Friday 12 April 2013

Relax

Although the outdoor season has officially begun, the club officers made the very sensible decision to move the two weekday evening sessions indoors for reasons of temperature and available daylight.  The third Portsmouth round of my short career awaited.

This was to be the first proper indoor round with the new, heavier limbs on my bow and I was back to using the borrowed arrows as we were away from the clubhouse.  The first hurdle I had to cross was the lack of any sight marks at this distance because of the new limbs, so the six sighters were used to best effect.  I was determined to put into practice the advice I had been given the previous weekend, and to concentrate on stance and correct draw, keeping everything in line and using my back correctly.  Unfortunately, this had a horrendously negative effect on my score, with arrows pinging all over the face or, a couple of times, missing the boss altogether.  There were a few reasonable shots which felt right, and I did manage three tens, but my final score was 50 points below my best in that round, and the first time I had actually made negative progress.
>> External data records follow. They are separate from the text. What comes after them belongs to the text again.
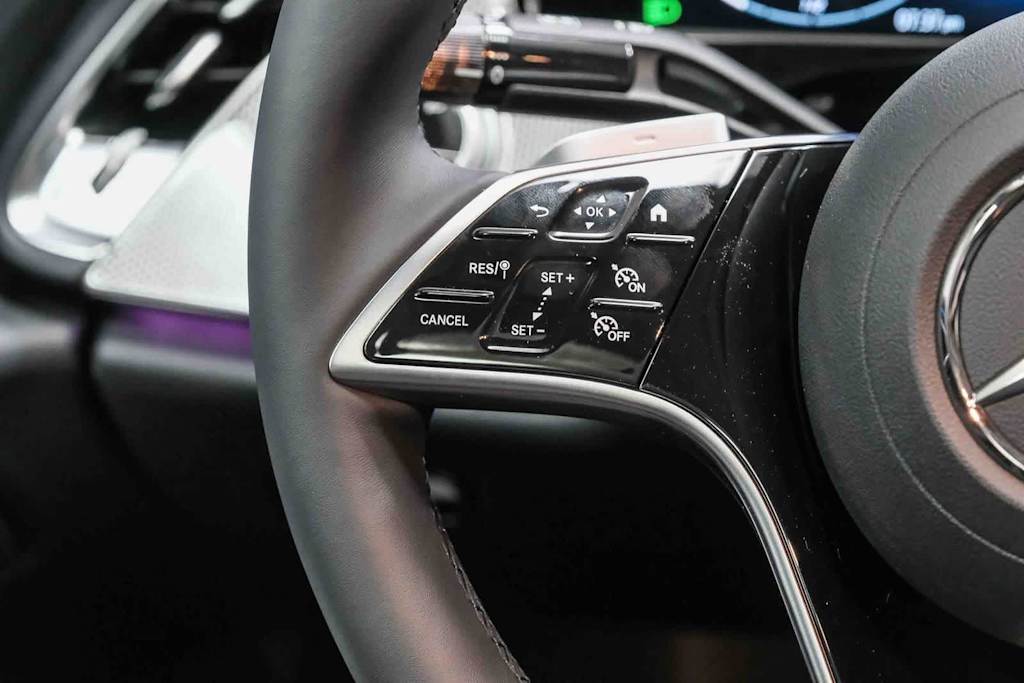 Thumbnail: 2026 Mercedes-Benz E-Class - 27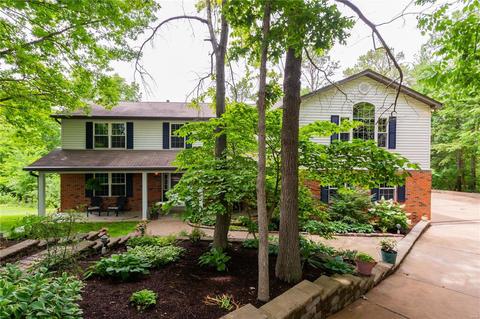 1347 Summit Dr, Fenton, MO 63026 photo 2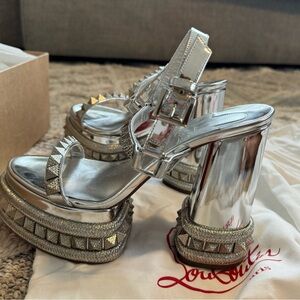 Brand new never worn Loubs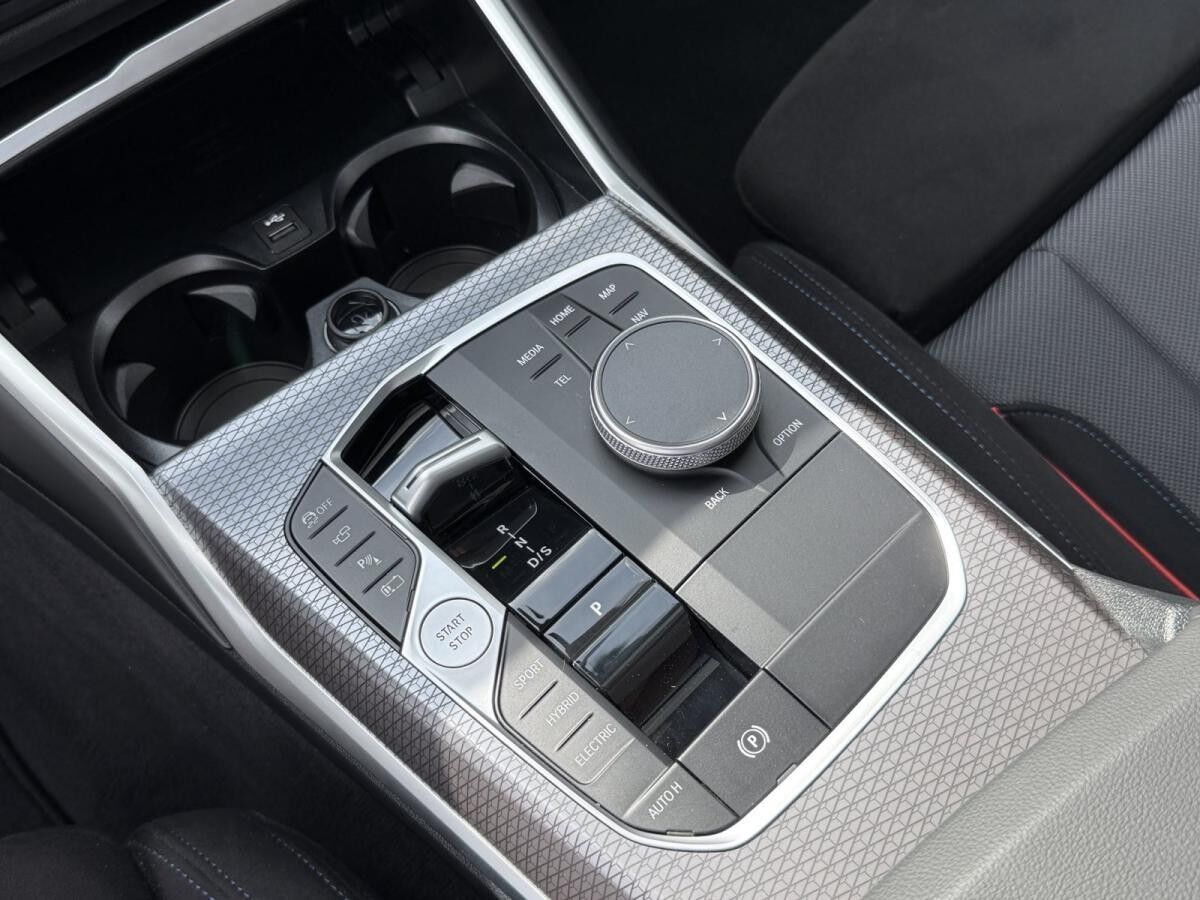 BMW 330 e Touring M Sportpaket Stop&Go FACLIFT BMW 330 e Touring M Sportpaket Stop&Go FACLIFT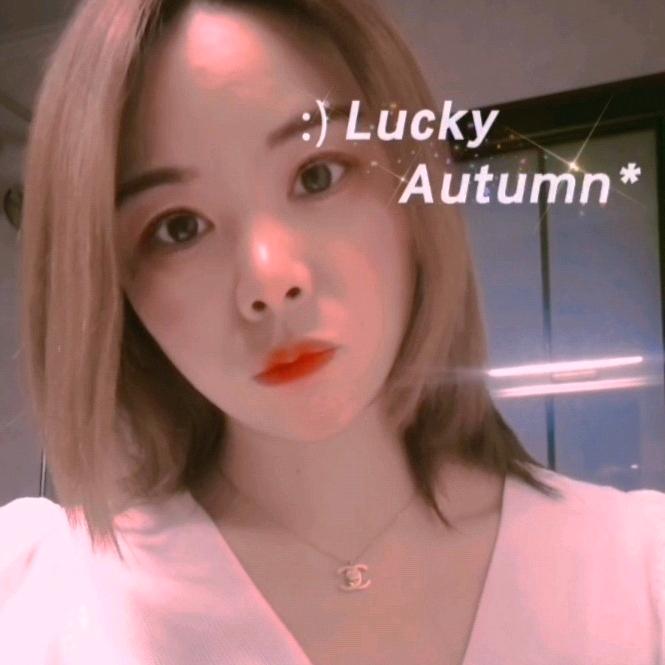 指甲很短的小妞。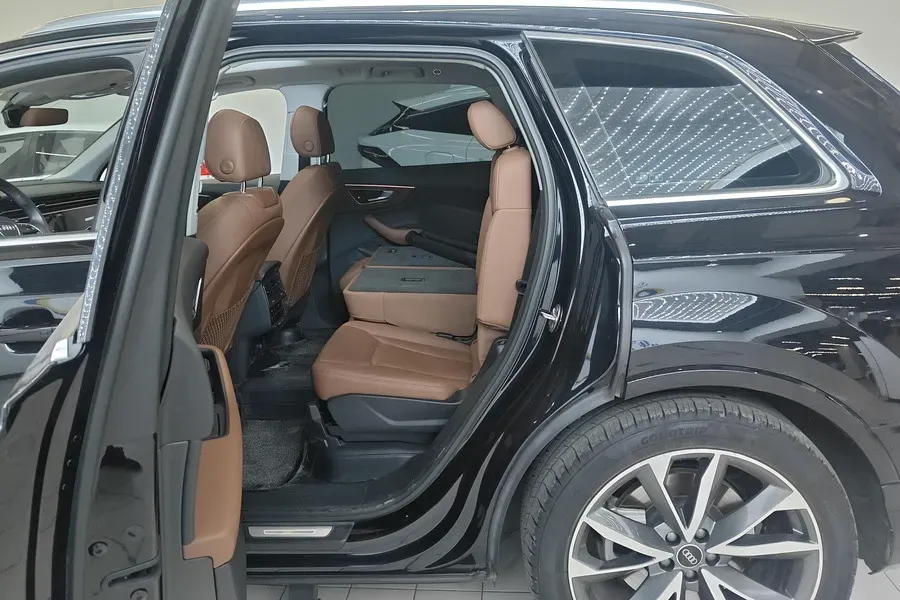 2021 Audi Q7 3.0T 340HP V6 8AT,autocango,china used car exporter,china ev exporter,chinese used car exporter,chinese used ev exporter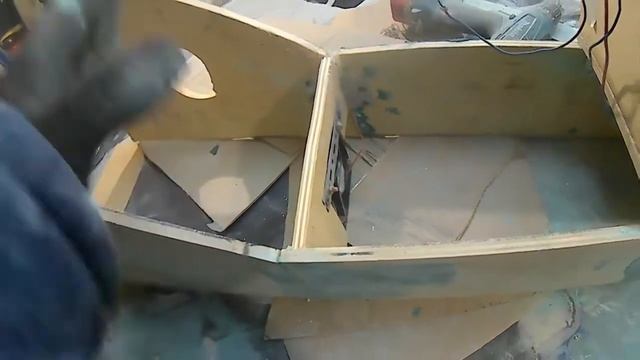 Собираем Консоль Бороды (часть 3) Шпаклевка смотреть онлайн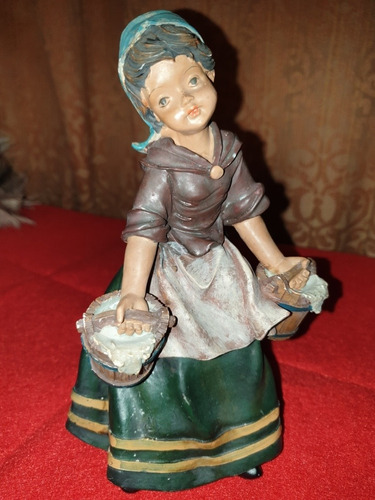 Escultura Muy Antigua De Campesina Española Porcelana Fria B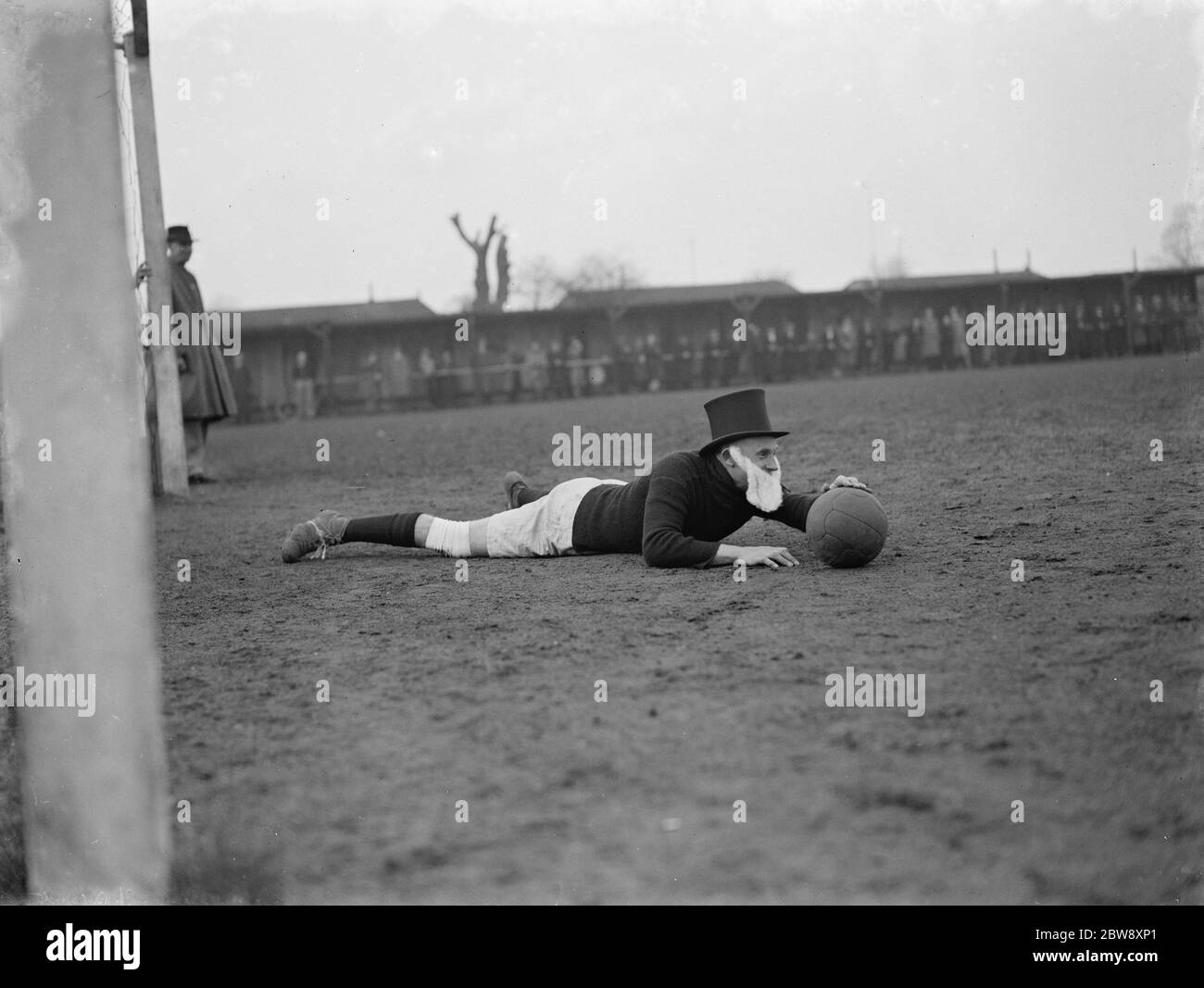 Die Woolwich Metropolitan Police Football Club nehmen Teil an einem neuen Fußballspiel. 1939 Stockfoto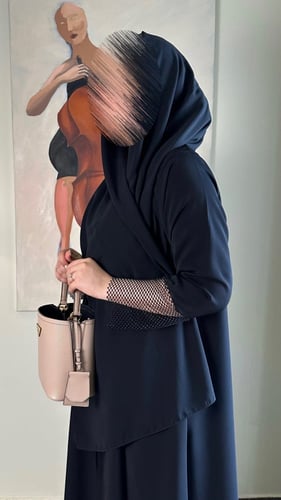 #369 ( تسليم فوري ) عباية سوداء مع طرف كم مخرم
Of course, this all felt truly awful at the time, and there was the inevitable feedback loop of worrying over what had gone wrong rather than forgetting it and trying to do it right next time.  If I was to describe the round, I would say it was 'unsettled'.  I am still trying to analyse what made a shot bad, whilst still trying to concentrate on the 'right' technique.  It is quite telling that one of my better scores was achieved when I was not really thinking, but one of the coaches spotted that my draw arm had not come back far enough.  If concentrating on technique is making my score worse, then where is the incentive to do it right?

The answer, of course, is that you will eventually reach a point where your 'bad' technique starts to have a more negative influence and will eventually limit your possibilities unless it is corrected.  This is true for most things in life - you need firm foundations to build something that will last.  I have the same approach when I am teaching people to ring church bells for the first time; if you don't sort out your technique early on, it will limit you in the future.  I was lucky to have had some excellent advice in my early ringing career, and I try to pass it on to my learners thirty years on (including EA jnr).




Over the last few weeks my equipment has changed almost every session as I build up my own kit (new sight this weekend - no sight marks again!), but I will shortly be at the point where these variables can be forgotten.  Then I probably need to chill out a little and just work on getting the basics right for a while, regardless of what the scoresheet says.